Personal information
- Born: April 22, 2002 (age 24) Easthampton, Massachusetts, U.S.
- Education: Sacred Heart University
- Height: 5 ft 9 in (175 cm)
- Weight: 175 lb (79 kg)

Sport
- Country: United States
- Sport: Pararowing

Medal record
Pararowing
Representing the United States
World Rowing Championships
| Silver medal – second place | 2023 Belgrade | PR3 Mix4+ |

= Saige Harper =

American Paralympic rower

Saige Harper (born April 22, 2002) is an American pararower. She represented the United States at the 2024 Summer Paralympics.

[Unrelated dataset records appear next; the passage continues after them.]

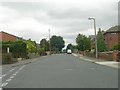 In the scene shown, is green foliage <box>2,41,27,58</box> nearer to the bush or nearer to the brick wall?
the bush

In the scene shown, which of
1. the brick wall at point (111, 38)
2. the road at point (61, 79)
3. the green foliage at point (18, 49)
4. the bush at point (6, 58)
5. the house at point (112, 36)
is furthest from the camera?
the brick wall at point (111, 38)

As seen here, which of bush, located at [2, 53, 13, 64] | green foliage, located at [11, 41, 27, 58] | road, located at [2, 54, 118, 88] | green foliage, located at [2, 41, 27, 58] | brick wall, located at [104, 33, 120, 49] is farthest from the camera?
brick wall, located at [104, 33, 120, 49]

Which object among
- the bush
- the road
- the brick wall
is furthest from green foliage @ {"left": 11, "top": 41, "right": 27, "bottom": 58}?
the brick wall

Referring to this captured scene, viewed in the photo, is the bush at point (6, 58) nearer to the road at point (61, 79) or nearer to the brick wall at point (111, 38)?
the road at point (61, 79)

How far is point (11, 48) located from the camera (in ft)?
196

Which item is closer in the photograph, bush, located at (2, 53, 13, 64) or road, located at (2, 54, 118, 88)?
road, located at (2, 54, 118, 88)

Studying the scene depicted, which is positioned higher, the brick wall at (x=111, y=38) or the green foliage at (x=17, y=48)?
the brick wall at (x=111, y=38)

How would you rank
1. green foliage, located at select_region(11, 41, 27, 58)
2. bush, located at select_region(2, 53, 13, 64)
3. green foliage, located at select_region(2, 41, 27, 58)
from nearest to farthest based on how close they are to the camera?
bush, located at select_region(2, 53, 13, 64) → green foliage, located at select_region(2, 41, 27, 58) → green foliage, located at select_region(11, 41, 27, 58)

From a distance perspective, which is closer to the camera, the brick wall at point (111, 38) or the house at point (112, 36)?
the house at point (112, 36)

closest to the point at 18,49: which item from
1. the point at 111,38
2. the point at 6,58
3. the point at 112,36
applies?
the point at 6,58

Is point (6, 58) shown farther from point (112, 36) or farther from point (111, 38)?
point (112, 36)

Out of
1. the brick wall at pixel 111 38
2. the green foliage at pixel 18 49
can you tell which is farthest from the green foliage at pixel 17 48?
the brick wall at pixel 111 38

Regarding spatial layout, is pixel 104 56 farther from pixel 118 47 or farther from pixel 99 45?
pixel 99 45

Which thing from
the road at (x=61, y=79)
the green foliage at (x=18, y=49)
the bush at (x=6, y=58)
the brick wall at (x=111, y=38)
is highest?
the brick wall at (x=111, y=38) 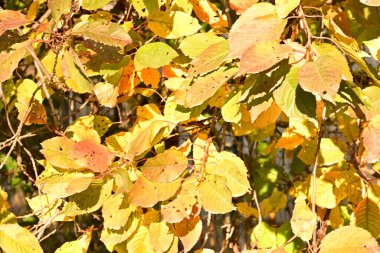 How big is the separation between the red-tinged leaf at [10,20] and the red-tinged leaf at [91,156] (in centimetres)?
22

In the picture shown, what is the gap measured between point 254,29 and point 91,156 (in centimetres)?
34

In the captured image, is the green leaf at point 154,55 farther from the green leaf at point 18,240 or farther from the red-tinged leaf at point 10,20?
the green leaf at point 18,240

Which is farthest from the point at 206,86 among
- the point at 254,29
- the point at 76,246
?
the point at 76,246

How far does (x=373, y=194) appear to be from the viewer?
1.21m

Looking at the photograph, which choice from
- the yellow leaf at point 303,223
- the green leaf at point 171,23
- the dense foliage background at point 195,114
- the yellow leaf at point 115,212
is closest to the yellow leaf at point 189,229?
the dense foliage background at point 195,114

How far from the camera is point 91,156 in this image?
1.02 metres

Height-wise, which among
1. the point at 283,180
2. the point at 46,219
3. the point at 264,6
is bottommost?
the point at 283,180

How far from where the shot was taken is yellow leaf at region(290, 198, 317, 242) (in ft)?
3.16

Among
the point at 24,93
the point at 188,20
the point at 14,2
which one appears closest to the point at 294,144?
the point at 188,20

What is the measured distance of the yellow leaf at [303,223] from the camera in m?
0.96

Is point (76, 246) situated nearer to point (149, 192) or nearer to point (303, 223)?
point (149, 192)

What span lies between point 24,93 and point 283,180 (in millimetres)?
741

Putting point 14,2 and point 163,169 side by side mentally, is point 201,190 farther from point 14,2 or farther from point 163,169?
point 14,2

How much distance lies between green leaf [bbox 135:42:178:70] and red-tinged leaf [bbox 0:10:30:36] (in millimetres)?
230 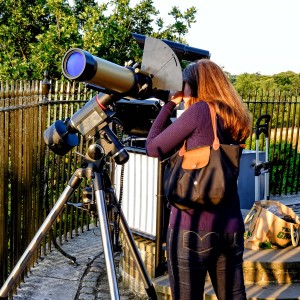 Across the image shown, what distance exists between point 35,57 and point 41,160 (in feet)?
19.8

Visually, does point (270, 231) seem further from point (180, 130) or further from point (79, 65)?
point (79, 65)

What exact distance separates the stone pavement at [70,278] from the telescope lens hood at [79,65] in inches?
96.1

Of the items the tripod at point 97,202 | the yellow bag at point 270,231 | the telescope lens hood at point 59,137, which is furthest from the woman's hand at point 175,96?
the yellow bag at point 270,231

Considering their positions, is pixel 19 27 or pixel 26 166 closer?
pixel 26 166

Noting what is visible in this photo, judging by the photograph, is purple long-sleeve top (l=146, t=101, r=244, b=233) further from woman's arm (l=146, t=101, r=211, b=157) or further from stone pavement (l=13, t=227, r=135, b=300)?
stone pavement (l=13, t=227, r=135, b=300)

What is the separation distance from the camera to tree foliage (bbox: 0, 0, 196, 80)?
1041 cm

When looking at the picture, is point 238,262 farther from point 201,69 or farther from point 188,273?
point 201,69

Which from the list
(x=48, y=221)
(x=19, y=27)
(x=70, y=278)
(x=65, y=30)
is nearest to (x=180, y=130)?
(x=48, y=221)

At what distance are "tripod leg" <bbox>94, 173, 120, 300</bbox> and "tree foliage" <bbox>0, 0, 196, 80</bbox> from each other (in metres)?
7.87

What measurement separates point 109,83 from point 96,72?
0.09m

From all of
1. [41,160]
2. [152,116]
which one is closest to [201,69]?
[152,116]

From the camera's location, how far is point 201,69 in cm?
263

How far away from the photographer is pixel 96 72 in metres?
2.38

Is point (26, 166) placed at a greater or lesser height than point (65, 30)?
lesser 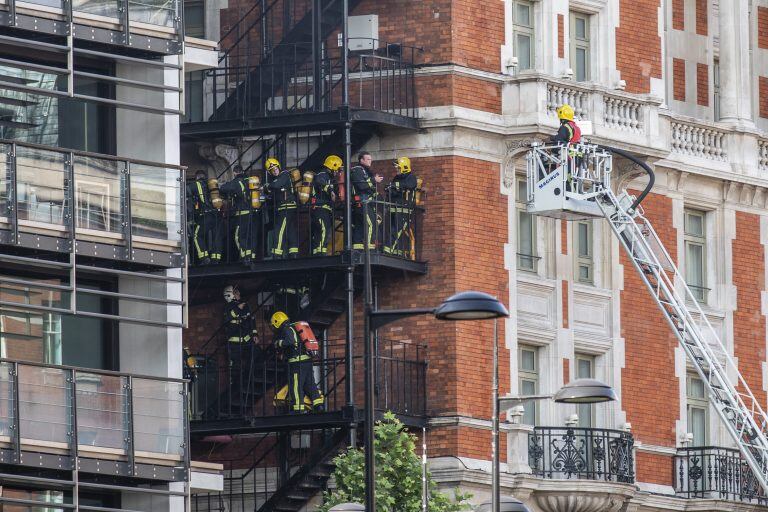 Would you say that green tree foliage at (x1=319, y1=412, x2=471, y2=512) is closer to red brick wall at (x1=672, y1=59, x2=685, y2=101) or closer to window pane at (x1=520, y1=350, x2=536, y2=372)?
window pane at (x1=520, y1=350, x2=536, y2=372)

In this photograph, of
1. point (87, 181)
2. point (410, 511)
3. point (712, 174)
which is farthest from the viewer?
point (712, 174)

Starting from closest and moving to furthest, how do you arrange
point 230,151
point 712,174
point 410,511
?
1. point 410,511
2. point 230,151
3. point 712,174

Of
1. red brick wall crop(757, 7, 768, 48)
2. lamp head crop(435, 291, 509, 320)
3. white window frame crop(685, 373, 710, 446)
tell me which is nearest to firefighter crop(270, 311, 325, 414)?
white window frame crop(685, 373, 710, 446)

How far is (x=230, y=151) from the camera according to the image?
6806 cm

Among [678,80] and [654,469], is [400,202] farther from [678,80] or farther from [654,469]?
[678,80]

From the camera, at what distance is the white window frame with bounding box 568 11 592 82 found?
230 feet

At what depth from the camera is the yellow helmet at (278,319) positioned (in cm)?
6594

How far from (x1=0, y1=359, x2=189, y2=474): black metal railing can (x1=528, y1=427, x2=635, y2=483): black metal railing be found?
1316 cm

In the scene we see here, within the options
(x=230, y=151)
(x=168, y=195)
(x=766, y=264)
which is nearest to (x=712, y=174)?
(x=766, y=264)

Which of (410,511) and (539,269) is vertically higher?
(539,269)

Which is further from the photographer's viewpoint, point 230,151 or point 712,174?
point 712,174

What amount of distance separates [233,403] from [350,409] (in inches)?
94.3

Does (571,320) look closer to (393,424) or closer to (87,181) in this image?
(393,424)

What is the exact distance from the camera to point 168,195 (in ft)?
183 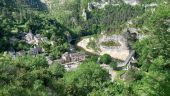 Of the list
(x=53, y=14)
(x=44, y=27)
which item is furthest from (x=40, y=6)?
(x=44, y=27)

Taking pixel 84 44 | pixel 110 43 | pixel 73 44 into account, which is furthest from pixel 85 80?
pixel 73 44

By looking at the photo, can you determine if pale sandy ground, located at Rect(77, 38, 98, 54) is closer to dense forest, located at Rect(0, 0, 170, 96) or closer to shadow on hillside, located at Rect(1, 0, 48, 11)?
dense forest, located at Rect(0, 0, 170, 96)

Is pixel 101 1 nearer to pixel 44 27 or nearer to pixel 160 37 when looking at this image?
pixel 44 27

==Early life and education==
Harper attended Easthampton High School in Easthampton, Massachusetts. During her swimming career in high school she was a three-time team MVP, MIAA Division 2 state qualifier, and co-captain for the 2018–19 season. She was a competitive swimmer for 15 years before switching to rowing. She attends Sacred Heart University and is a member of the rowing team.

==Career==
Harper made her international debut for the United States at the 2022 World Rowing Championships in the PR3 Mixed coxed four event. On July 2, 2023, she was selected to represent the United States at the 2023 World Rowing Championships. She won a silver medal in the PR3 Mixed coxed four event with a time of 7:25.01. On January 17, 2024, she was selected to represent the United States at the 2024 Summer Paralympics.

==Personal life==
Harper was involved in a tubing accident on the Connecticut River in 2015 when the tow rope almost severed her left leg, leaving her with permanent damage and no feeling in that limb. She also suffers from neuropathy and limitations in range of motion in her leg.